Zhang Yanlin, Cameron Christopher J F, Blanchette Mathieu
School of Computer Science, McGill University, Montréal, QC, Canada.
Department of Biochemistry and Goodman Cancer Research Center, McGill University, Montreal, QC, Canada.
Front Bioinform. 2024 Feb 22;3:1285828. doi: 10.3389/fbinf.2023.1285828. eCollection 2023.
Hi-C is one of the most widely used approaches to study three-dimensional genome conformations. Contacts captured by a Hi-C experiment are represented in a contact frequency matrix. Due to the limited sequencing depth and other factors, Hi-C contact frequency matrices are only approximations of the true interaction frequencies and are further reported without any quantification of uncertainty. Hence, downstream analyses based on Hi-C contact maps (e.g., TAD and loop annotation) are themselves point estimations. Here, we present the Hi-C interaction frequency sampler (HiCSampler) that reliably infers the posterior distribution of the interaction frequency for a given Hi-C contact map by exploiting dependencies between neighboring loci. Posterior predictive checks demonstrate that HiCSampler can infer highly predictive chromosomal interaction frequency. Summary statistics calculated by HiCSampler provide a measurement of the uncertainty for Hi-C experiments, and samples inferred by HiCSampler are ready for use by most downstream analysis tools off the shelf and permit uncertainty measurements in these analyses without modifications.

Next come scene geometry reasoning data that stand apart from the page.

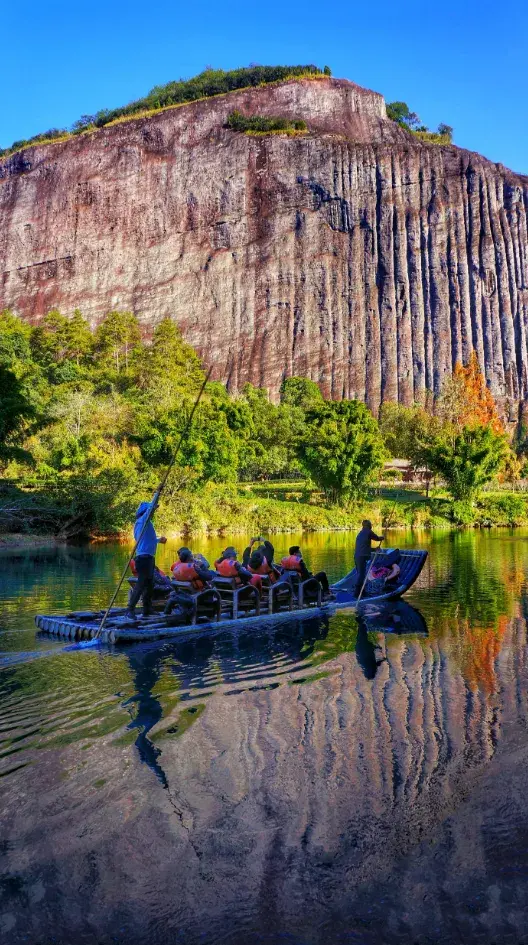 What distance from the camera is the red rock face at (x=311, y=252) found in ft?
353

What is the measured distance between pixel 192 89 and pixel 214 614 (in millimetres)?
125809

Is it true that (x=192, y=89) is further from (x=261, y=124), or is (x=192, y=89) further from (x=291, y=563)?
(x=291, y=563)

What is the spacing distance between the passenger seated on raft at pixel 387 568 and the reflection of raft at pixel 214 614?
984 millimetres

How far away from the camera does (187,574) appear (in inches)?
598

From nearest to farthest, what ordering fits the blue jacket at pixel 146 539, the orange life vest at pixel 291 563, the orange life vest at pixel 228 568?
the blue jacket at pixel 146 539 → the orange life vest at pixel 228 568 → the orange life vest at pixel 291 563

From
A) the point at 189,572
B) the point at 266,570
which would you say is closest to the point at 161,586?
the point at 189,572

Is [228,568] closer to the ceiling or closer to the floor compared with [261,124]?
closer to the floor

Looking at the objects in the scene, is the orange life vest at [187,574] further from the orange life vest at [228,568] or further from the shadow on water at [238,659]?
the shadow on water at [238,659]

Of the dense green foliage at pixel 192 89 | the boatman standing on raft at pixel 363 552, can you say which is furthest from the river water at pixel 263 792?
the dense green foliage at pixel 192 89

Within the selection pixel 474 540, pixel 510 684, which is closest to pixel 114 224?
pixel 474 540

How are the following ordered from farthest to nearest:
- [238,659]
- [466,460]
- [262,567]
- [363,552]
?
[466,460] → [363,552] → [262,567] → [238,659]

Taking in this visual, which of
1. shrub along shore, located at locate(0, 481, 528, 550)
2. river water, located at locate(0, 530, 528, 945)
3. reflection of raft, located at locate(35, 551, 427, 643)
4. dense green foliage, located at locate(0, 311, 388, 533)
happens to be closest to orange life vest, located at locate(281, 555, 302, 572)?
reflection of raft, located at locate(35, 551, 427, 643)

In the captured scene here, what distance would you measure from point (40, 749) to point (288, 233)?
107247 mm

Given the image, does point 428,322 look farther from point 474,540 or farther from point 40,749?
point 40,749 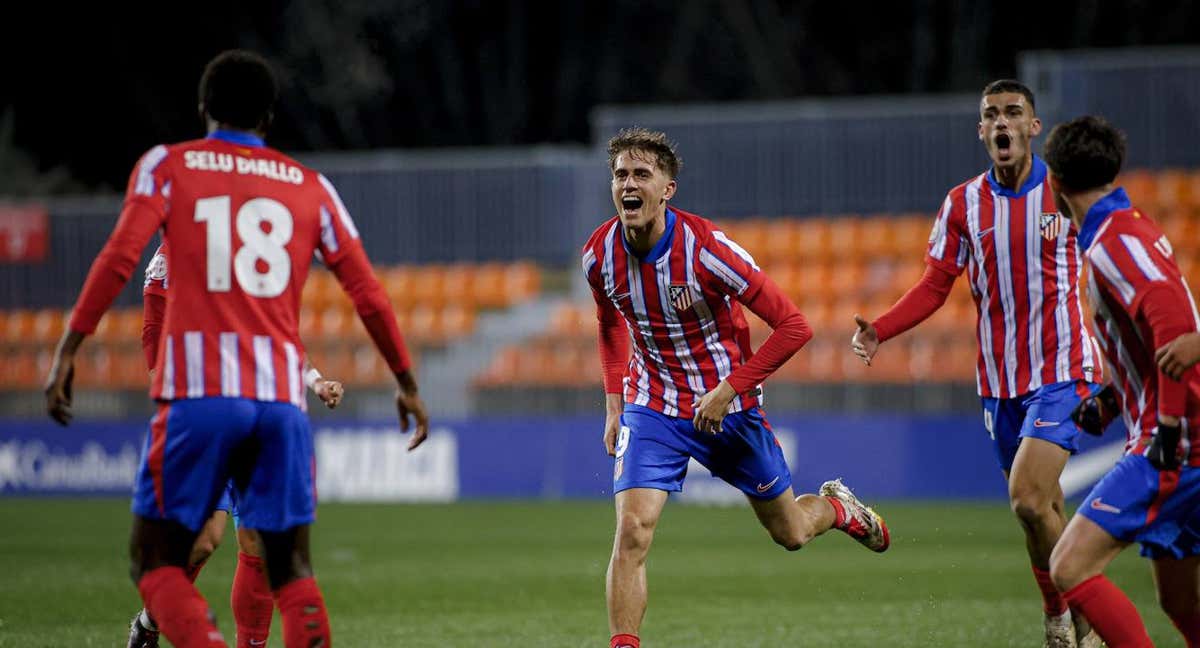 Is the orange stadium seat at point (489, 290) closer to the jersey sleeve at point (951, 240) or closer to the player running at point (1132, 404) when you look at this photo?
the jersey sleeve at point (951, 240)

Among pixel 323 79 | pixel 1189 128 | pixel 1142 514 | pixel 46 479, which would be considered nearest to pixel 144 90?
pixel 323 79

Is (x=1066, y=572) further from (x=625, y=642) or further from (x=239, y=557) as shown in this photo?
(x=239, y=557)

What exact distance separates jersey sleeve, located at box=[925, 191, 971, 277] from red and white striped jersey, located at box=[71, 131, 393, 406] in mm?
3306

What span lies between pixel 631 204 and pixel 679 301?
1.51 feet

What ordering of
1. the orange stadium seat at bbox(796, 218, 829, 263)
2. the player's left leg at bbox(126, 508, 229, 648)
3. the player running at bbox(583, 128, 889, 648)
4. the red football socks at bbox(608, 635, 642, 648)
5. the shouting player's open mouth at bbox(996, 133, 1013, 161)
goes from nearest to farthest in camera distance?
the red football socks at bbox(608, 635, 642, 648), the player running at bbox(583, 128, 889, 648), the player's left leg at bbox(126, 508, 229, 648), the shouting player's open mouth at bbox(996, 133, 1013, 161), the orange stadium seat at bbox(796, 218, 829, 263)

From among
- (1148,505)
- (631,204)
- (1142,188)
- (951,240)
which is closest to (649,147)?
(631,204)

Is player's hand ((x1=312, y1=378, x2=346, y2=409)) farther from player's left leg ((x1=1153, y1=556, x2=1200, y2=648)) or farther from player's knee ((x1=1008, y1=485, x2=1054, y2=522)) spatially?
player's left leg ((x1=1153, y1=556, x2=1200, y2=648))

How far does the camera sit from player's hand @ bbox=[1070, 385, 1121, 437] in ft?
19.0

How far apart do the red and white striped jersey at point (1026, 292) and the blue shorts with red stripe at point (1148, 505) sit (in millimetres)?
1737

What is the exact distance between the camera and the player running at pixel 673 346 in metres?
6.59

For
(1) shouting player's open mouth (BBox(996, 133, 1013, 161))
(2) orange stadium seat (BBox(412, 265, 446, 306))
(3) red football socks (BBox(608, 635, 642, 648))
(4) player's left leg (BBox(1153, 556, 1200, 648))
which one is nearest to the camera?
(4) player's left leg (BBox(1153, 556, 1200, 648))

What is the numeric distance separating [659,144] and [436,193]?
56.2ft

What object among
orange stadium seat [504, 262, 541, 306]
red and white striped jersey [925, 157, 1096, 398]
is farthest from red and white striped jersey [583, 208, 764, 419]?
orange stadium seat [504, 262, 541, 306]

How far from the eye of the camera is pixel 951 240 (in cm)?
739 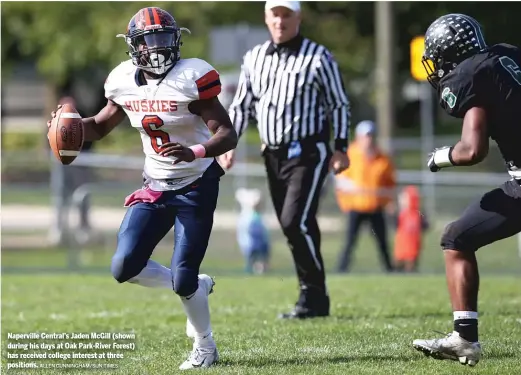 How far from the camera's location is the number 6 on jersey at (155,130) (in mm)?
5766

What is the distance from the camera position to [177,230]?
578 cm

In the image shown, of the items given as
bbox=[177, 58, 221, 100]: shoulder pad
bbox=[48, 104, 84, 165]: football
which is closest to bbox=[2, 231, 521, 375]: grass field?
bbox=[48, 104, 84, 165]: football

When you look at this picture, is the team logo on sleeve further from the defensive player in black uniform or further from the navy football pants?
the navy football pants

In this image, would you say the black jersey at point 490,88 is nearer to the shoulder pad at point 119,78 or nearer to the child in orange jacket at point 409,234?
the shoulder pad at point 119,78

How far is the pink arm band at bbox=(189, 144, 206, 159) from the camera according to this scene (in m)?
5.51

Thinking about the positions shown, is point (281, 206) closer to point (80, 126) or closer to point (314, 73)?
point (314, 73)

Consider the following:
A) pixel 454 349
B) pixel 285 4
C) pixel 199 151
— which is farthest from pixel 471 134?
pixel 285 4

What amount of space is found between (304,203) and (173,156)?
199 cm

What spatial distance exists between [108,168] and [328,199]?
131 inches

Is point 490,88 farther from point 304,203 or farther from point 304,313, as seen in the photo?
point 304,313

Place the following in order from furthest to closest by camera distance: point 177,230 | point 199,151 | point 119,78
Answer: point 119,78
point 177,230
point 199,151

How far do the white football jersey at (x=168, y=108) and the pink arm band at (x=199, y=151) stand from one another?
279mm

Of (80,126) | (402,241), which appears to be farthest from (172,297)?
(402,241)

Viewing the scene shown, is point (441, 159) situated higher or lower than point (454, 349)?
higher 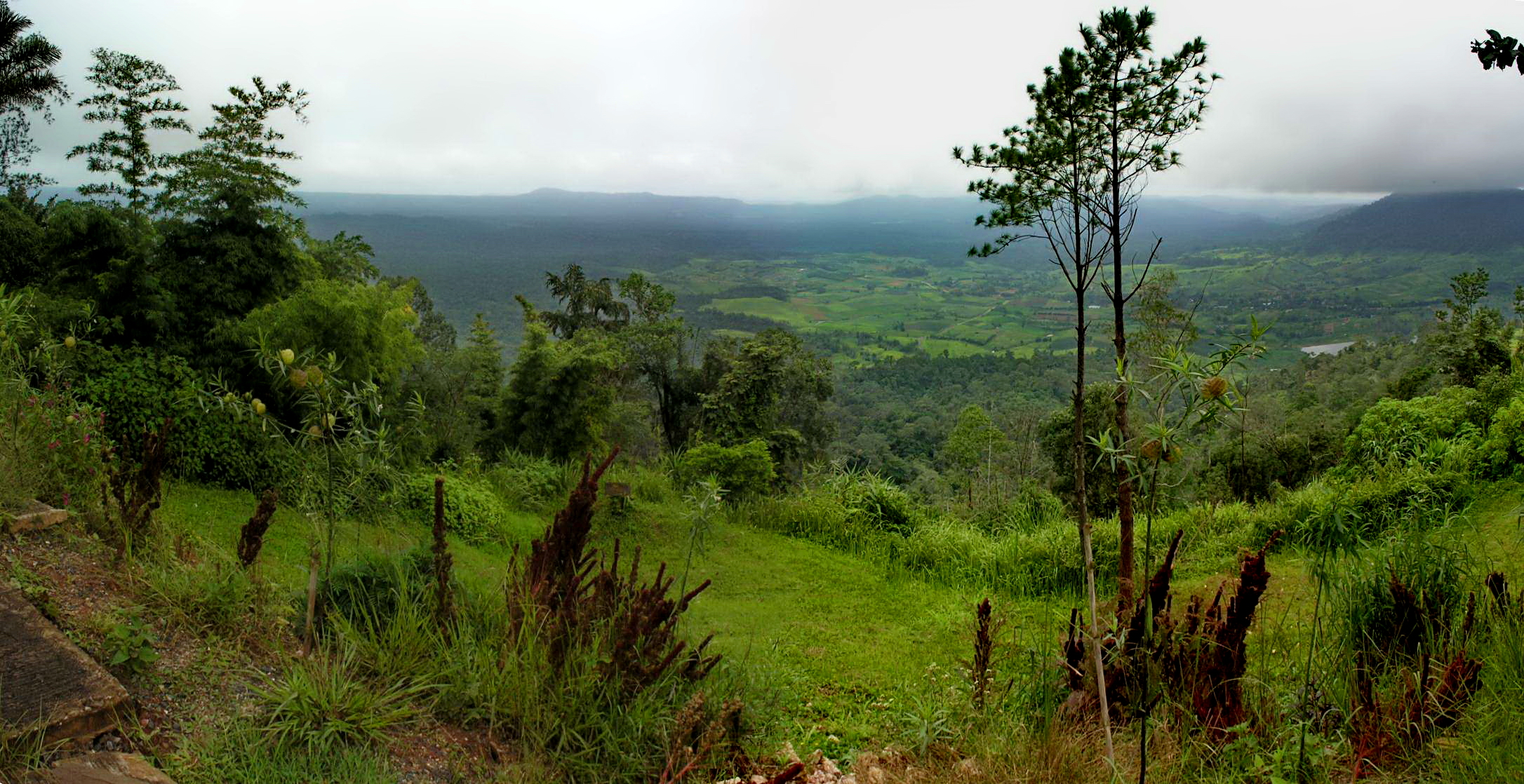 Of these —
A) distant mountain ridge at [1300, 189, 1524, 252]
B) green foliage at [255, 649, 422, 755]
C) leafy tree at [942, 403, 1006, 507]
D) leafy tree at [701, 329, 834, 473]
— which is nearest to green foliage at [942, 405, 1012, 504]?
leafy tree at [942, 403, 1006, 507]

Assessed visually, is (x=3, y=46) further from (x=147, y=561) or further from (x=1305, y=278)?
(x=1305, y=278)

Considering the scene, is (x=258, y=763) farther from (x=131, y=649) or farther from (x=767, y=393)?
(x=767, y=393)

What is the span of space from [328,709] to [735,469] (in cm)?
684

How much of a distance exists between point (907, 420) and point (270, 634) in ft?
105

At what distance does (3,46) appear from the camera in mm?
10867

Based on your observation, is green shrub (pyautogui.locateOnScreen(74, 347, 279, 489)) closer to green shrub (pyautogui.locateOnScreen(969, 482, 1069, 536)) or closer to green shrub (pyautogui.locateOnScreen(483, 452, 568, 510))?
green shrub (pyautogui.locateOnScreen(483, 452, 568, 510))

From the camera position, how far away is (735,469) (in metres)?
9.03

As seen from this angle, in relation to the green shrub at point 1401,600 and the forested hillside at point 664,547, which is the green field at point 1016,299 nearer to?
the forested hillside at point 664,547

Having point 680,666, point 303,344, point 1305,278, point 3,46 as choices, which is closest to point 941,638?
point 680,666

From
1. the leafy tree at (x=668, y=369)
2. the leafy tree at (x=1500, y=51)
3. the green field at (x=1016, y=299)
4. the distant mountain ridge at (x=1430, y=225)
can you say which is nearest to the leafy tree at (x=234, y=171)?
the leafy tree at (x=1500, y=51)

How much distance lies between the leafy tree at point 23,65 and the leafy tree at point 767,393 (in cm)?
1081

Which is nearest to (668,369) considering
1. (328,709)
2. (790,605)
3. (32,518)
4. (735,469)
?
(735,469)

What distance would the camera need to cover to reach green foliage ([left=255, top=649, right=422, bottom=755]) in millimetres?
2189

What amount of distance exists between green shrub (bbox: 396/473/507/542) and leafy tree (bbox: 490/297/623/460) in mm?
4337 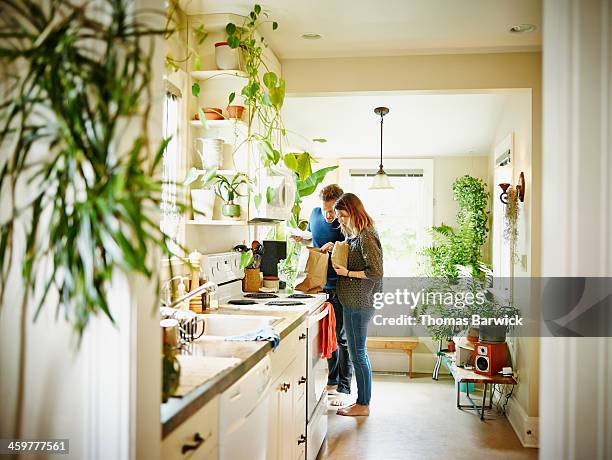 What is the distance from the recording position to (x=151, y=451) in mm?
1451

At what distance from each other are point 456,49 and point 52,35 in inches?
134

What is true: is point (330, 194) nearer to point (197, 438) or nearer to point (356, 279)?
point (356, 279)

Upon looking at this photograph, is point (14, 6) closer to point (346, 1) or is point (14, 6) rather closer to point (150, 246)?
point (150, 246)

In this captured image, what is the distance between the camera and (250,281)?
13.9 ft

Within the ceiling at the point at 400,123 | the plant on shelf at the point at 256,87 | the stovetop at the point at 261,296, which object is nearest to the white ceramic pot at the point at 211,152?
the plant on shelf at the point at 256,87

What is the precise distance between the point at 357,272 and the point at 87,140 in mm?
3400

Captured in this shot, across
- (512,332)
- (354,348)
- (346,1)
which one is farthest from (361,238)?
(346,1)

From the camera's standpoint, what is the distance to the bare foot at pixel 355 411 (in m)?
4.79

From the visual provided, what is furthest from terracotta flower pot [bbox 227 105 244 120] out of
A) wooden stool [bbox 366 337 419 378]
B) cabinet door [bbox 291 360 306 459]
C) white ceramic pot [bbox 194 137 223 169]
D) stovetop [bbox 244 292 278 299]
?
wooden stool [bbox 366 337 419 378]

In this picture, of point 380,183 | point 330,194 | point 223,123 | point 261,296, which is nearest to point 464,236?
point 380,183

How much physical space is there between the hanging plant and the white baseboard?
44.3 inches

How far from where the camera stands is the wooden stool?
6.10 metres

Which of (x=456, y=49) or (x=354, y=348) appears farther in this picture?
(x=354, y=348)

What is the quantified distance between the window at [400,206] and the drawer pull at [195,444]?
514 centimetres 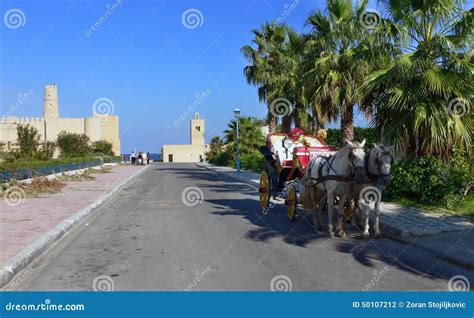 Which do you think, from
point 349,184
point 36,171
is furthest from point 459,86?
point 36,171

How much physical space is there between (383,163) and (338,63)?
35.4ft

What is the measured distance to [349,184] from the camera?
9250 millimetres

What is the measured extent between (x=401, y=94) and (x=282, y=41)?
2023 centimetres

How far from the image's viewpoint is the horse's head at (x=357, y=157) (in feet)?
28.5

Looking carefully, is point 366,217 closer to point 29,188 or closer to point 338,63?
point 338,63

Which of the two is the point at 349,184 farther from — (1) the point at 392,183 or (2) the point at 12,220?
(2) the point at 12,220

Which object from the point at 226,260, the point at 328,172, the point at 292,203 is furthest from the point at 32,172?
the point at 226,260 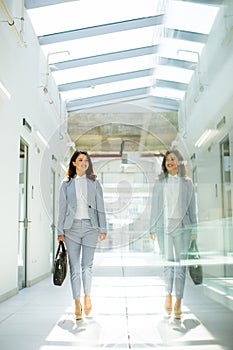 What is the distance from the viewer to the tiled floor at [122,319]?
2.17 meters

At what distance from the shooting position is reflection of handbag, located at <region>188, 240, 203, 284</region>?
236cm

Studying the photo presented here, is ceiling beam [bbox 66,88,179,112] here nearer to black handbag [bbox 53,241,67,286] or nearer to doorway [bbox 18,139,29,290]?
black handbag [bbox 53,241,67,286]

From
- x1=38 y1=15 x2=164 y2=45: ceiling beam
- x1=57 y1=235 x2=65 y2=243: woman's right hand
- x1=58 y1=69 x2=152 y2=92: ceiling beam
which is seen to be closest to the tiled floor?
x1=57 y1=235 x2=65 y2=243: woman's right hand

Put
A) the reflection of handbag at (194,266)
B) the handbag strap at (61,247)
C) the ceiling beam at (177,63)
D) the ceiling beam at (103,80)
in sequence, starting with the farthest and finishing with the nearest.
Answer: the ceiling beam at (103,80) → the handbag strap at (61,247) → the ceiling beam at (177,63) → the reflection of handbag at (194,266)

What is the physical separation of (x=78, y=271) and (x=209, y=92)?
1370 mm

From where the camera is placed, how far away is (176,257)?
2400mm

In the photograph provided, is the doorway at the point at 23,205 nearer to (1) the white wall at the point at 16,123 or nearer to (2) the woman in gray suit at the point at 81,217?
(1) the white wall at the point at 16,123

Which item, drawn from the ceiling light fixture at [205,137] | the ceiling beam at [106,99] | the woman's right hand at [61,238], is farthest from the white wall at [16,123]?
the ceiling light fixture at [205,137]

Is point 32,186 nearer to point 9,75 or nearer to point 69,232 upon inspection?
point 9,75

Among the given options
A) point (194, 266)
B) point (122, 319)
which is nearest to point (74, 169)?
point (194, 266)

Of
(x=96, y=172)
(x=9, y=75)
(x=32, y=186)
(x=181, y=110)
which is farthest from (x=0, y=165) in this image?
(x=181, y=110)

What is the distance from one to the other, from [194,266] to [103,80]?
1.74 m

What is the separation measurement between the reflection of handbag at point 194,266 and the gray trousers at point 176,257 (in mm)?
31

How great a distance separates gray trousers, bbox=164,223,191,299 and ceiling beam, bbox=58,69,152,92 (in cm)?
112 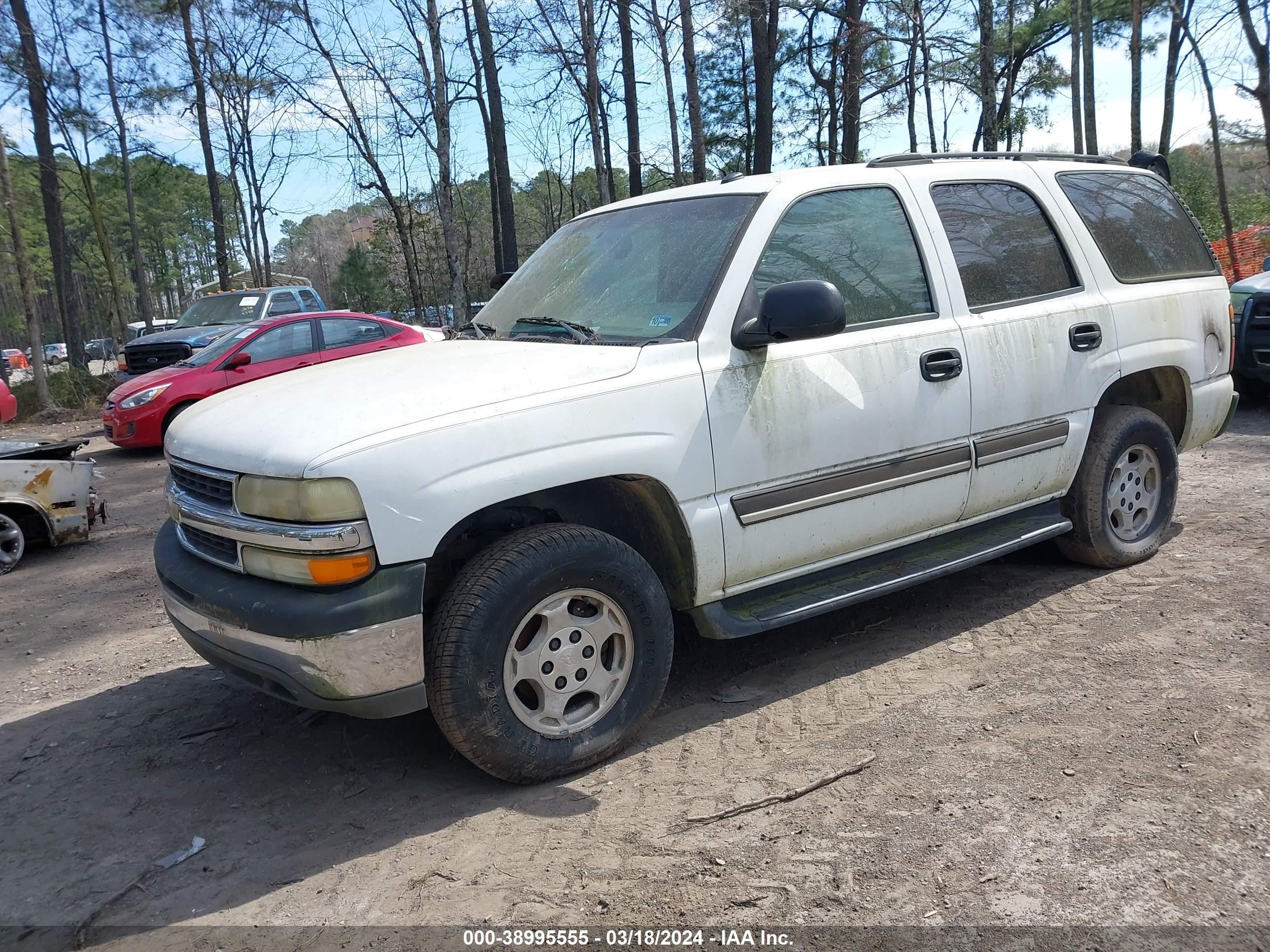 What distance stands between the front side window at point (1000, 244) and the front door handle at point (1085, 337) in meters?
0.20

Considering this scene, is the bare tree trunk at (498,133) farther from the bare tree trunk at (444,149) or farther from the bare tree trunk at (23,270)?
the bare tree trunk at (23,270)

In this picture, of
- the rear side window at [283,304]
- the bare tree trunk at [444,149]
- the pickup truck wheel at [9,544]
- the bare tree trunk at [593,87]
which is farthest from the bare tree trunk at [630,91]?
the pickup truck wheel at [9,544]

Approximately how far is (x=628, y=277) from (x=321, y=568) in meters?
1.76

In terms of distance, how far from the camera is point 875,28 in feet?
69.6

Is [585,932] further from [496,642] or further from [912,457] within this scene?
[912,457]

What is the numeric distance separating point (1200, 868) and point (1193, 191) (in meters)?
32.1

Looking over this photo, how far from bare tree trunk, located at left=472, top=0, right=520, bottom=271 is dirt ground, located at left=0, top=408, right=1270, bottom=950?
1643cm

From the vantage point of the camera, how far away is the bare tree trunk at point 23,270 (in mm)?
14750

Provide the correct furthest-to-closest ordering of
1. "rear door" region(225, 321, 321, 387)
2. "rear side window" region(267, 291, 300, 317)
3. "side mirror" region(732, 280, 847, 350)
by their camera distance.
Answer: "rear side window" region(267, 291, 300, 317) → "rear door" region(225, 321, 321, 387) → "side mirror" region(732, 280, 847, 350)

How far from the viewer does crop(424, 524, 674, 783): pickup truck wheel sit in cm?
301

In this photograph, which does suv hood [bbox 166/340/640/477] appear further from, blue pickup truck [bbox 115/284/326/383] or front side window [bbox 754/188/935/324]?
blue pickup truck [bbox 115/284/326/383]

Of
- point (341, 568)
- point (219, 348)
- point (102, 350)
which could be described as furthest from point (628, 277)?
point (102, 350)

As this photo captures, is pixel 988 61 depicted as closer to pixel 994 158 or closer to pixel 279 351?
pixel 279 351

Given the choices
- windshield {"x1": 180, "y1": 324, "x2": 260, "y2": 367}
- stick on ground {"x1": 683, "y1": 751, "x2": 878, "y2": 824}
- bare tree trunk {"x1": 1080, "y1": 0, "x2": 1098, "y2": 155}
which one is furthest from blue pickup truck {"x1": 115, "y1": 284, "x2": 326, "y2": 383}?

Hi-C是研究三维基因组构象应用最广泛的方法之一。Hi-C实验捕获的接触在接触频率矩阵中表示。由于测序深度有限和其他因素,Hi-C接触频率矩阵只是真实相互作用频率的近似值,并且在报告时没有对不确定性进行任何量化。因此,基于Hi-C接触图谱的下游分析(例如,TAD和环注释)本身就是点估计。在这里,我们提出了Hi-C相互作用频率采样器(HiCSampler),它通过利用相邻位点之间的依赖性,可靠地推断给定Hi-C接触图谱的相互作用频率的后验分布。后验预测检查表明,HiCSampler可以推断出具有高度预测性的染色体相互作用频率。HiCSampler计算的汇总统计数据提供了对Hi-C实验不确定性的度量,并且HiCSampler推断的样本可直接供大多数下游分析工具使用,并允许在这些分析中进行不确定性测量而无需修改。